The American Statistical Association (ASA) has recently taken the unusual step of announcing a guideline document for preventing the misuse of p-values. They assert that scientists and policy-makers are using the p-value as a black-or-white decision parameter without truly understanding it and without inspecting the overall experiment / methodology / statistical framework. In this statement, the ASA advises researchers to refrain from drawing explicit scientific conclusions or making policy decisions based on just P values.
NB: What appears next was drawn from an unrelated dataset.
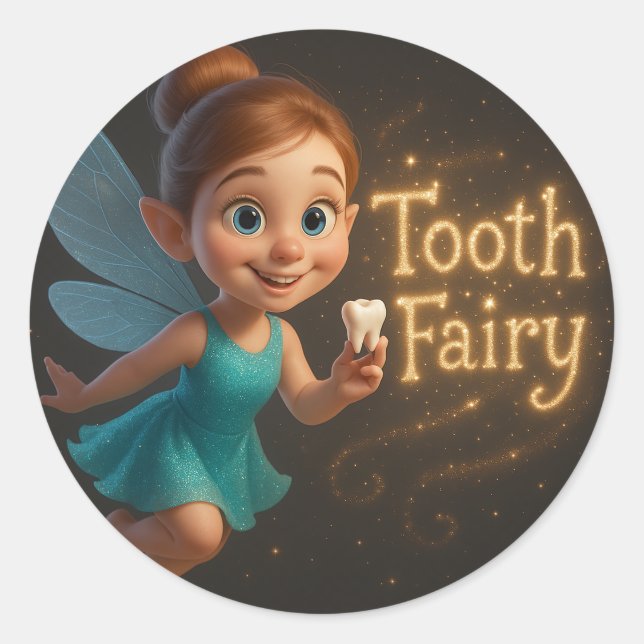 Sticker Rond Tooth Fairy Sticker–Magical Reward for Lost Teeth (Devant)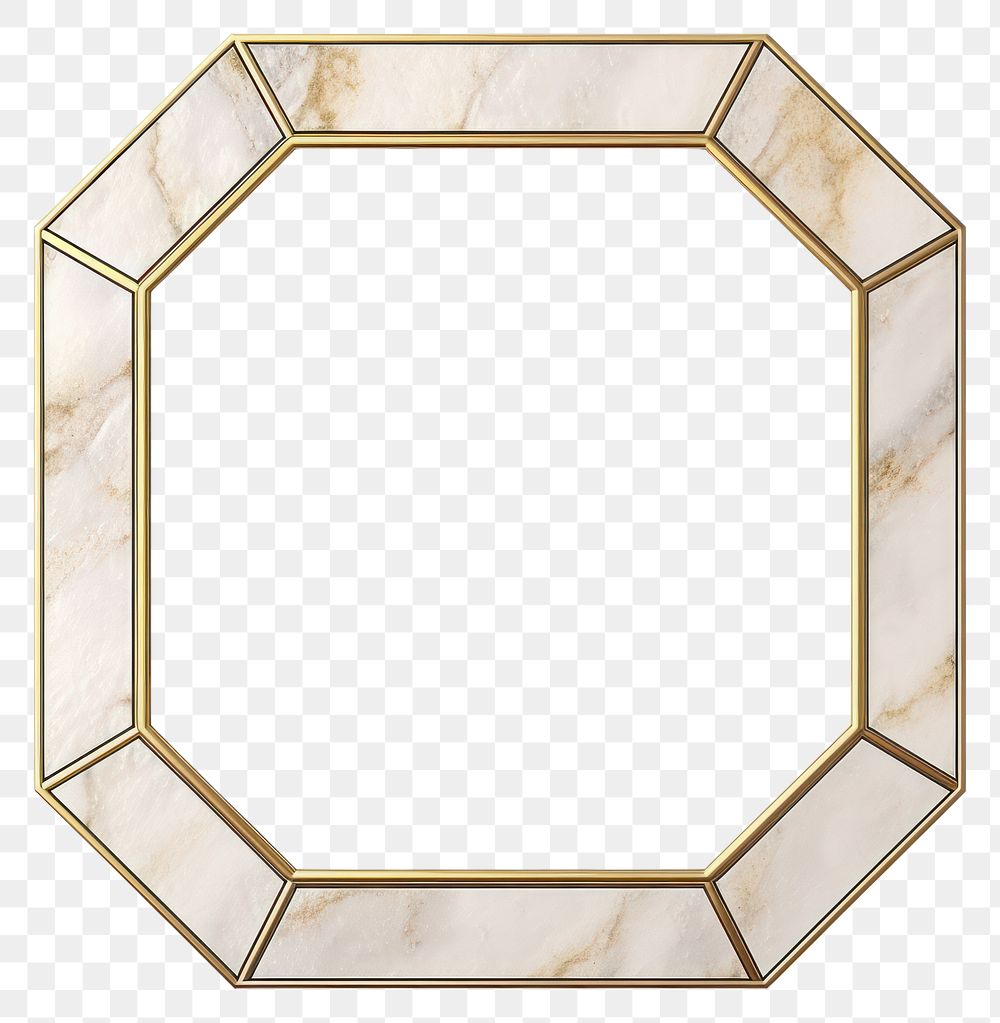 PNG  Hexagon frame gold white background.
They further advise that as part of scientific statistical analysis, the data analyses, statistical tests, and choices made in calculations should all be described in complete detail.
The ASA’s “statement on p-values: context, process, and purpose” can be accessed here, and the accompanying press release can be seen here.
I don’t want to go into the details of hypothesis testing and p-values here; those interested can take a course in statistical analysis or just scour google, or still, can take my graduate course on Data Analysis for the Earth Sciences.
To improve the conduct and interpretation of quantitative science, ASA has given the following six principles in the guideline document:
- P-values can indicate how incompatible the data are with a specified statistical model.
- P-values do not measure the probability that the studied hypothesis is true, or the probability that the data were produced by random chance alone.
- Scientific conclusions and business or policy decisions should not be based only on whether a p-value passes a specific threshold.
- Proper inference requires full reporting and transparency.
- A p-value, or statistical significance, does not measure the size of an effect or the importance of a result.
- By itself, a p-value does not provide a good measure of evidence regarding a model or hypothesis.
Many interesting and insightful news articles related to this released guideline have been published from different platforms. Nature News contains this directly linked article, and this detailed article from 2014 which discusses the pitfalls of relying too much on P-values. There are engaging analyses presented in ScienceNews and Inside Higher Ed. RetractionWatch also published an interview with the ASA’s executive director.
I asked my colleague Dr. Asad Ali, an expert in statistical analysis, for his views; he had this to say:
This p-value has become quite controversial in the last few years. People are abusing it intentionally or miss-using it because of lack of knowledge.
Rejection of a hypothesis does not always mean that it’s wrong, rather it can be also because our evidence (sampled data / observations) is not very representative of the underlying population.